Art. 1 - TIM PARTICIPAÇÕES S.A. is listed corporation ruled by these Articles of Incorporation and by the applicable laws.

Art. 2 - The purpose of the Company is to:

I. control providers of telecommunication services, including mobile telephone services and others, in their respective concession and authorization areas;

II. Promote, through its controlled or affiliated companies, the expansion and implementation of mobile telephone services in their respective concession and/or authorization areas;

III. Promote, effect or direct the procurement of funds from internal or external sources to be applied by the Company or its controlled companies;

IV. Promote and foster study and research activities for the development of mobile telephone services;

V. Perform, through its controlled or affiliated companies, specialized technical services related to the mobile telephone industry;

VI. Promote, foster and coordinate, through its controlled or affiliated companies, the education and training of the staff required by the mobile telephone services;

VII. Effect or order the import of goods and services for the controlled and affiliated companies;

VIII. Engage in any other activities related or akin to its purpose; and

IX. Have an interest in other companies.

Art. 3 - The Corporate registered office and jurisdiction is at Rua Comendador Araújo, 299, Curitiba, Paraná, CEP 80420-000, and the Company may, upon decision of the Board of Directors, open and close branches and offices anywhere in the country or abroad.

Art. 4 - The duration of the Company is indeterminate.

CHAPTER II

CAPITAL

Art. 5 - The subscribed and fully paid-up capital amounts to eight hundred and eighty-four million, five hundred and three thousand, seven hundred and twenty-eight reais and twenty-one cents (R$ 884,503,728.21) represented by seven hundred and two billion, five hundred and five million, two hundred and thirty-eight thousand, nine hundred and eighty-three (702,505,238,983 ) shares, of which two hundred and sixty-four billion, seven hundred and ninety-three million, four hundred and forty-three thousand, seven hundred and thirty-one (264,793,443,731 ) are registered common shares and four hundred and thirty-seven billion, seven hundred and eleven million, seven hundred and ninety-five thousand and two hundred and fifty-two (437,711,795,252 ) are registered preferred shares, all of them no-par value.
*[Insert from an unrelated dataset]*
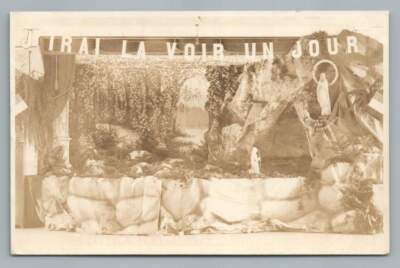 Lourdes Grotto Model ''J'Irai la Voir un Jour'' RPPC Quebec Catholic Photo~1920s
Art. 6 - The Company is authorized to increase its capital upon decision of the Board of Directors, up to a limit of one trillion and four hundred billion (1,400,000,000,000) shares, either common or preferred.

Sole Paragraph - Within the authorized capital limit set forth in above paragraph, the Company may pass the granting of share purchase options to the officers, employees or individuals rendering services to the Company or to its controlled companies, in accordance with the plan approved by the General Meeting.

Art. 7 - The capital is represented by no-par value common and preferred shares; there is no obligation of keeping a ratio between them in capital increases, following the provisions under the law and these Articles of Incorporation.

Art. 8 - The General Meeting may cancel the preemptive right on the issue of shares, convertible debentures, and subscription bonus, placed by means of:

I. Public subscription or trading at the stock exchange;

II. Exchange for shares in tender bid, pursuant to arts. 257 and 263 of the Brazilian Corporate Law;

III. Enjoyment of tax incentives, as provided in the applicable special law.

Art. 9 - Each common share entitles to one vote in General Meeting decisions.

Art. 10 - Preferred shares are nonvoting, except in the case provided under the sole paragraph of article 13 of these Articles; those shares are ensured the following seniority of advantages:

a) seniority in capital refund, without any premium;

b) payment of a minimum, non cumulative dividend of 6% (six percent) per year, over the amount resulting from the division of the subscribed capital by the total number of shares of Company stock.

Paragraph 1 - The holders of preferred shares are ensured the right to receive, every year, a dividend on their shares corresponding to three percent (3%) of the respective stockholders equity, as stated in the last approved balance sheet, whenever the dividend according to this criterion is higher than the dividend calculated according to the criterion set forth in the head paragraph of this article.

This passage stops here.